Gene Simmons KISS World Museum

Rio
When Gene Simmons moved out of his Beverly Hills mansion, he needed a place to store his memorabilia from over the years, so he worked out a deal with KISS by Monster Mini Golf (an indoor course dedicated to the rock band) and put it on display as an official museum in a separate, 3,000 square-foot room. Walls of gold and platinum records line the entrance with anything and everything on display, from an officially licensed KISS coffin to costume pieces and original negatives from album covers. You’ll also see personal items like Simmons’ high school diploma and Rock & Roll Hall of Fame award.

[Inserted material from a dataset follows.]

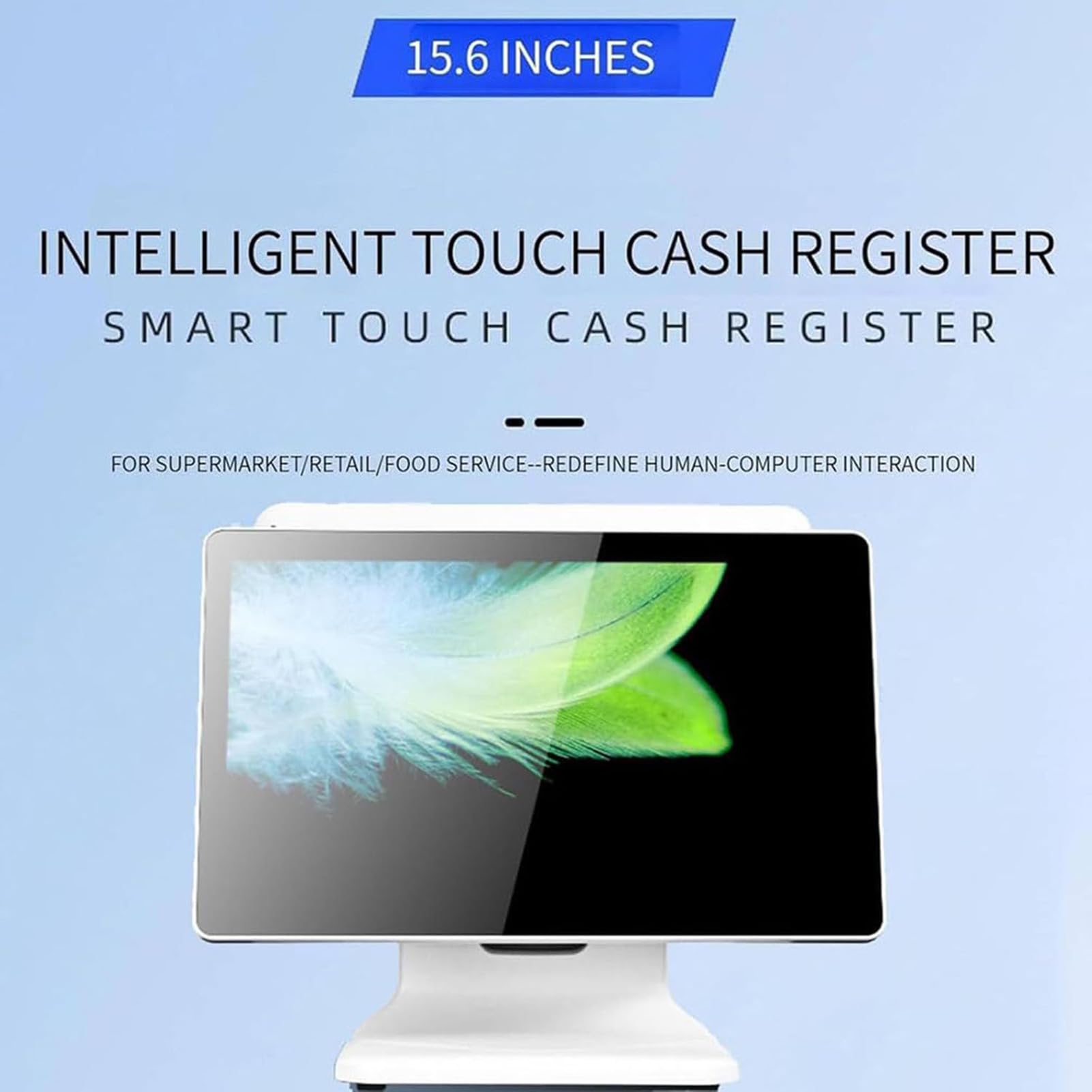 Sistema POS del Registratore di Cassa Touchscreen, Schermo POS Touch e Display dei Clienti HD, Doppio Schermo da 15,6 Pollici per Vendita al Dettaglio, Catering, Ospitalità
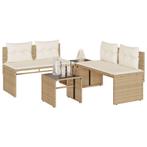 vidaXL 4-delige Loungeset met kussens poly rattan beige, Tuin en Terras, Tuinsets en Loungesets, Verzenden, Nieuw, Rotan, Loungeset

Even more of this stuff is in storage, so expect some items to be rotated in and out every six months or so. The team behind the museum and golf course also operates a KISS-themed wedding chapel with a Gene Simmions impersonator available to lead a ceremony.
How to book: It’s $11.99 to either play golf or tour the museum, or $20 to do both, when booking online. Wedding ceremonies begin at $400.

Photo by Bettina May
Photo by Bettina May
Photo by Bettina May

Burlesque Hall of Fame

Downtown Arts District
Learn everything you could possibly want to know about fan dancing and tassel twirling at the Burlesque Hall of Fame. The exhibit dates back to the ’50s when it was developed as a private collection connected to an Exotic Dancers Union in California, but has been a presence in Las Vegas since 2010, first on Fremont Street and now in the fast-growing Downtown Arts District. The museum packs a lot into just 2,000-square-feet, celebrating the saucy and scandalous art form as well as the personalities behind it. You’ll see photos, vintage posters, sheet music, and a fair amount of costumes, although some were removed during the pandemic and are now gradually being reintroduced. A temporary display on Asian-American performers runs until at least the end of the year. Expect a tour to last up to 45 minutes. Many of the guides are performers themselves. The Burlesque Hall of Fame also provides classes, promotes shows, and hosts an annual four-day celebration at the Orleans casino.
How to book: General admission begins at $15 with tickets available online. Tours are limited to six people at a time.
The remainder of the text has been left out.